Illinois Appellate Court, Second District
Nov 2, 2023
2023 Ill. App. 2d 230081 (Ill. App. Ct. 2023)

Opinion

2-23-0081

11-02-2023

In re MARRIAGE OF DENNIS McDOWELL, Petitioner-Appellant, and COLLEEN McDOWELL, Respondent-Appellee.


This order was filed under Supreme Court Rule 23(b) and is not precedent except in the limited circumstances allowed under Rule 23(e)(1).

Appeal from the Circuit Court of McHenry County. No. 11-DV-867 Honorable Justin M. Hansen, Judge, Presiding.

JUSTICE JORGENSEN delivered the judgment of the court. Justices Birkett and Mullen concurred in the judgment.

ORDER

JORGENSEN, JUSTICE

¶ 1 Held: Based on all the statutory factors, the trial court did not err in denying former husband's motion to modify maintenance. Although husband's income had dropped significantly since the dissolution judgment, he could pay the maintenance award given his overall financial condition, including assets such as substantial investment accounts and a large inheritance.

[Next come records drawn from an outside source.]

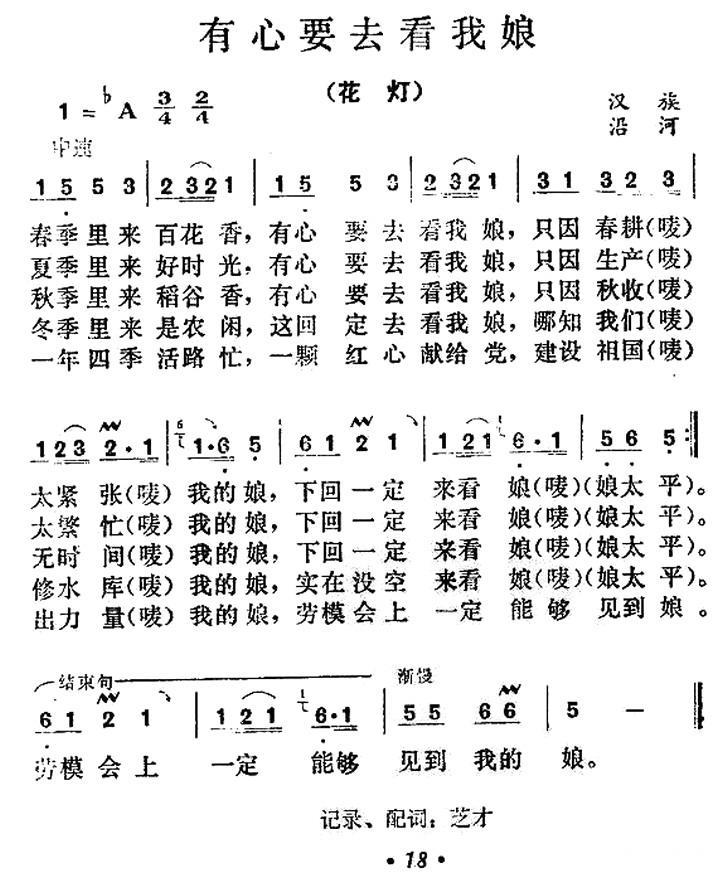 有心要去看我娘（贵州民歌） -  简谱第1页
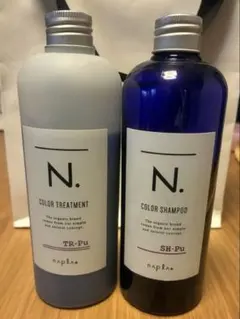 N. カラーシャンプー & トリートメントセットのサムネイル
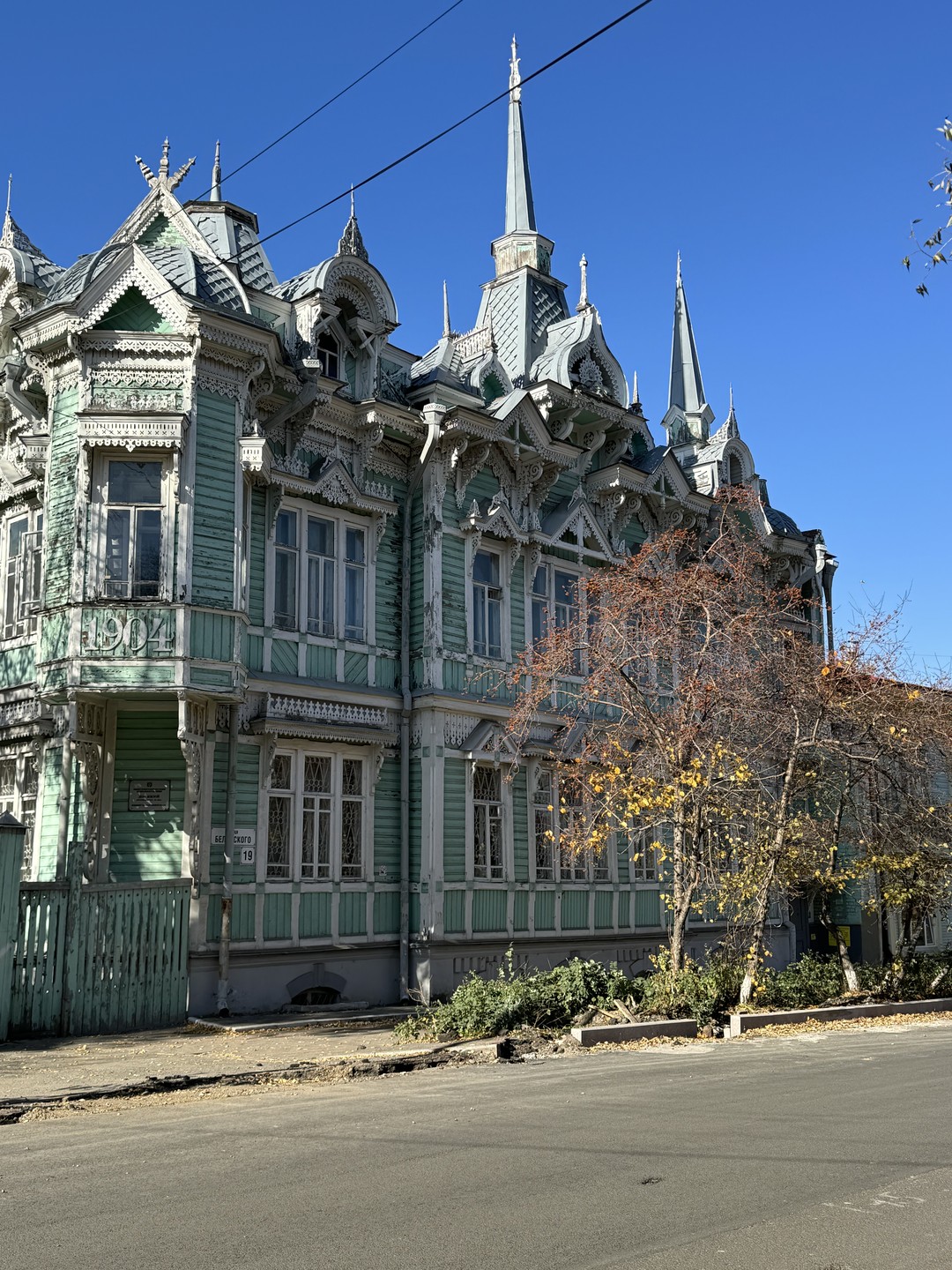 Сибирские Афины: автоэкскурсия по Томску (Мелис,)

¶ 2 Petitioner, Dennis McDowell, appeals from an order of the circuit court of McHenry County denying his motion to modify maintenance awarded to his former wife, respondent Colleen McDowell. We affirm.

¶ 3 I. BACKGROUND

¶ 4 On March 12, 2013, the trial court entered a judgment dissolving the parties' marriage. The judgment ordered Dennis to pay Colleen permanent maintenance of $3000 monthly. The property awarded to Dennis included the marital residence and his dental practice. Both parties were awarded various financial and investment accounts. On February 14, 2022, Dennis filed a motion to modify maintenance, alleging, in substance, that when the judgment of dissolution was entered, his annual gross income was $120,000. Dennis claimed, inter alia, that there had been a substantial change in circumstances since the dissolution judgment, in that his income had dropped significantly through no fault of his own. Dennis asked the court to terminate or reduce the maintenance award.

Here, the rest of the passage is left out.